**TASK STATEMENT**
Omit the pictures. Transcribe exactly the lines below, from the one with "外切眼袋+眶隔脂肪释放填充+泪沟+动画演示内部操作+术前术后案例视频封面" up to and including the last.

[Source data]
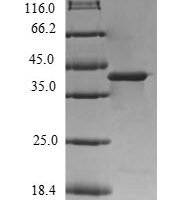 Human Diacylglycerol kinase gamma (DGKG), partial Recombinant Protein - BioCrest Sci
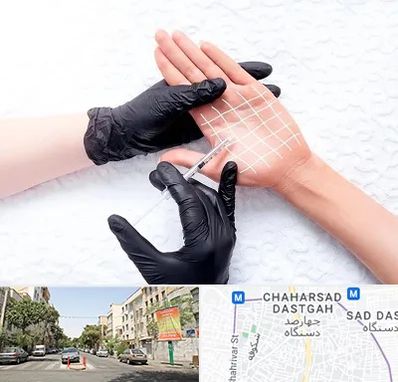 تزریق بوتاکس کف دست در چهارصد دستگاه 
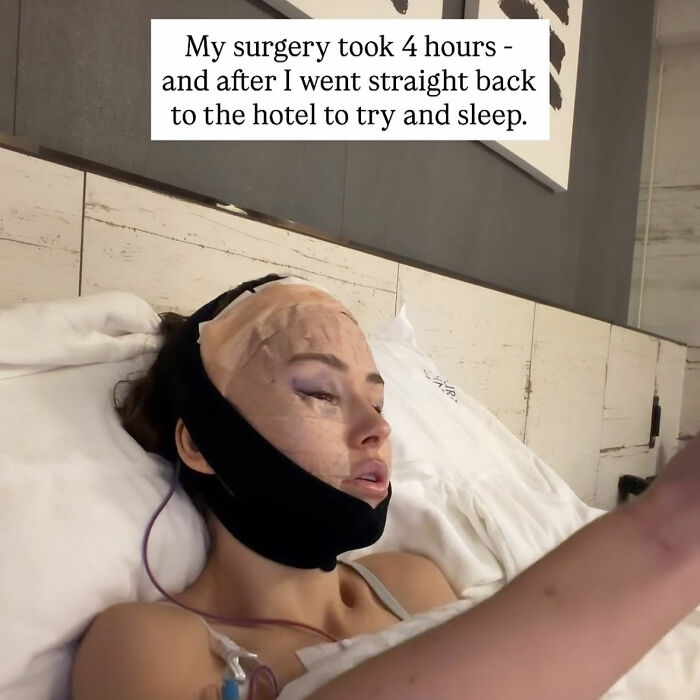 How Young Is Too Young To Get A Korean Facelift? Netizens Criticize Influencer’s Decision After Recovery Posts How Young Is Too Young To Get A Korean Facelift? Netizens Criticize Influencer’s Decision After Recovery Posts
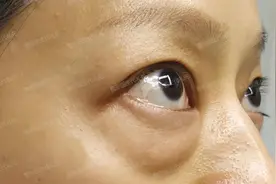 外切眼袋+眶隔脂肪释放填充+泪沟+动画演示内部操作+术前术后案例视频封面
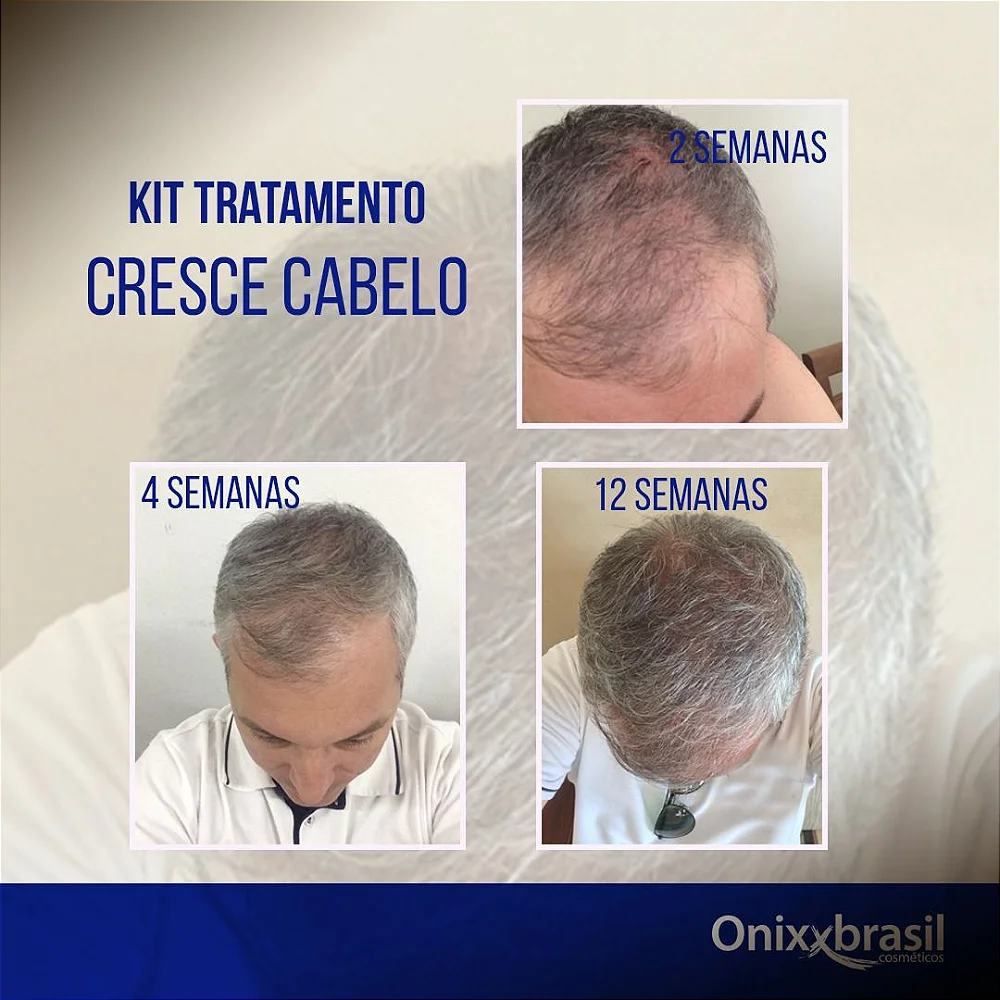 As Melhores Vitaminas e Suplementos para Acelerar o Crescimento do Cabelo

**EXERCISE SOLUTION**
 外切眼袋+眶隔脂肪释放填充+泪沟+动画演示内部操作+术前术后案例视频封面
 As Melhores Vitaminas e Suplementos para Acelerar o Crescimento do Cabelo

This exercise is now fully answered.